Di Hati Tersuci Maria.
Kawanku, mengembangkan sepotong cerita
itu dan membaginya secara merata. Sebagai pendamping kelas siswa, ia banyak
bercerita tentang senyuman seorang Nurul, Maria, Marten, Iwan dan keenam puluh
lainnya. Ragam materi diberi seperti jurnalistik dasar, literasi digital,
tulisan kreatif, puisi, pentigraf dan sebagainya. Dinamaika pun diciptakan
dalam lagu, video, intrumen dan ice
breaking.
Sementara itu, saya banyak menghabiskan
detik dan menit bersama para guru. Merasakan langsung detak jantung keresahan
dan harapan mereka. Sudah 64 tahun sekolah ini berdiri maka tidak heran jika
ada yang sudah mengabdi tuntas hingga siap memasuki masa purnabakti. Guru
senior dan junior ada di ruangan yang sama. Asyik begitu. Seperti kita sedang
berada di rumah. Ada yang hadir seperti oma, opa, ayah, ibu, kakak dan adik.

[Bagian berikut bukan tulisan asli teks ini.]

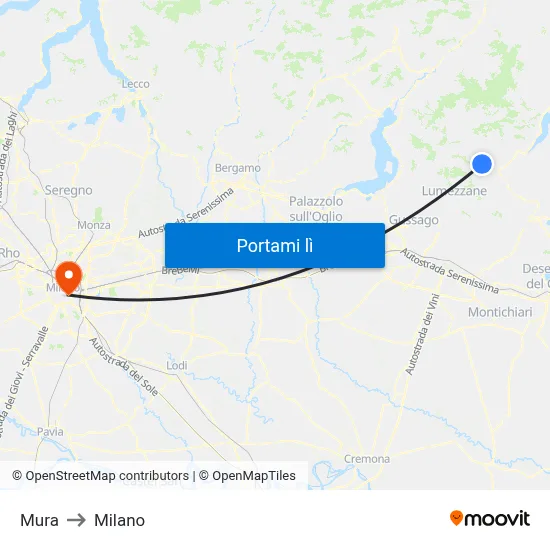 Mura to Milano map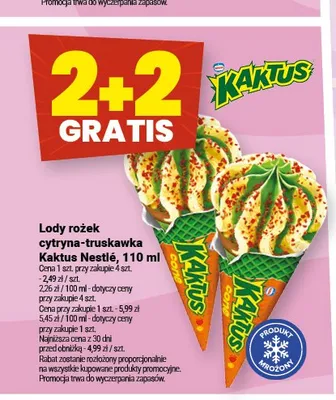 Lody rożek cytryna-truskawka Kaktus Nestlé promocja w Twój Market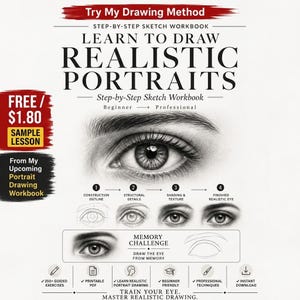 May include: A step-by-step sketch workbook titled Learn to Draw Realistic Portraits. The cover features a detailed graphite drawing of an eye, a four-stage progression from construction outline to finished eye, and a memory challenge section.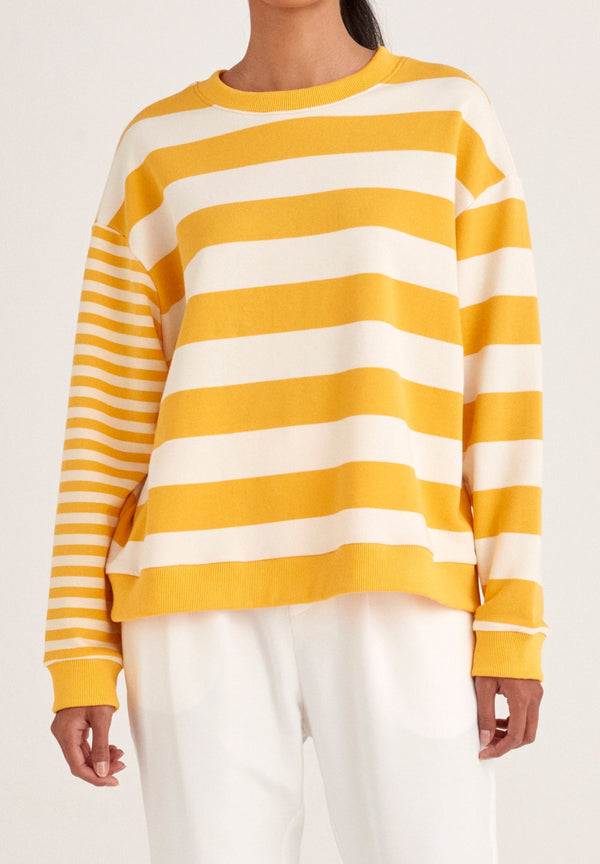 Paisie Contrast Stripe Sweatshirt in Yellow and Cream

Cerita kami pun mengalir begitu saja
seperti sahabat yang lama tak berjumpa. Para guru memang dihadirkan Tuhan untuk
selalu resah, peduli dan peka terhadap proses tumbuh-kembang anak-anaknya.

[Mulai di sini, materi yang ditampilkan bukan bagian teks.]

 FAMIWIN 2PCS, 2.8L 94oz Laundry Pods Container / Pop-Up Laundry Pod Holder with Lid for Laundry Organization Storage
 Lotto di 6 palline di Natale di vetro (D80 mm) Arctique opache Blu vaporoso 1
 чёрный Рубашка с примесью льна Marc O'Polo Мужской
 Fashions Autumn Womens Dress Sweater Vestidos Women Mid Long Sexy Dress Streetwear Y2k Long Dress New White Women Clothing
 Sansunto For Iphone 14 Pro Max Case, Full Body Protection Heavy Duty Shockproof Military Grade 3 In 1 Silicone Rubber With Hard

Sesekali mereka bangga karena dari tempat ini telah “tercetak” orang-orang
hebat di bidangnya. Tetapi sesekali mereka menunduk saat berkisah tentang ada
beberapa anak yang karakternya lain dari yang lain, sulit baca, senang
berkelahi dan tidak punya kemauan dan kemampuan untuk berkembang. Aneka metode
dan stategi mendidik dan mengajar telah dibuat. Apakah itu sudah cukup?
Hemat saya, merdeka belajar itu seharusnya
dimulai dari merdeka berpikir. Ketika pikiran itu “dimerdekakan” dalam satu
cara maka sebenanya kemerdekaaan belajar itu pasti tercipta. Pikiran adalah
mesin penggerak atas ragam kreatifitas dan inovasi. Seorang yang pikirannya
luas, terbuka dan memiliki ketajaman untuk memilah dan menilai bakal hadir
memberikan lentera untuk yang lain. Para guru adalah dia yang harus dan layak
untuk digugu dan ditiru. Karena itu para guru harus “dimerdekakan” khususnya
dalam hal kemampuan literasi dasar (baca-tulis).
Para guru harus mengakui kekuatan dan
keindahan kata. Guru pembaca selalu melahirkan anak berwawasan luas. Maka
logika pikiran dalam tulisan itu harus diketahui. Menulis itu adalah cara kita
berada dan cara kita berbicara. Semakin tajam dan bernas tulisan seseorang maka
sebenarnya pada saat yang sama ia sedang memamerkan ketajaman pikirannya.
Pikiran yang tajam dan bernas bakal membentuk pola hidup dan tingkah laku yang
seimbang (bervariasi).
Terjadilah demikian. Para guru diminta
menulis kembali apa yang telah dilakukannya bertahun-tahun. Menulis kembali
persoalan dan aneka terobosan kreatif yang telah dialami dan dibuatnya. Jika
kemudian ditemukan anak yang tidak menyukai belajar matematika, kreativitas dan
metode mengajar diciptakan agar mereka melihat guru, matematika dan jam
pelajaran matematika itu menyenangkan dan bukan sebaliknya. Di umur mereka yang
masih hijau dan polos harus dibuat gembira dan bahagia. Nutrisi otak dan
hatinya diasupi dengan ragam informasi yang mencerdaskan sekaligus membebaskan.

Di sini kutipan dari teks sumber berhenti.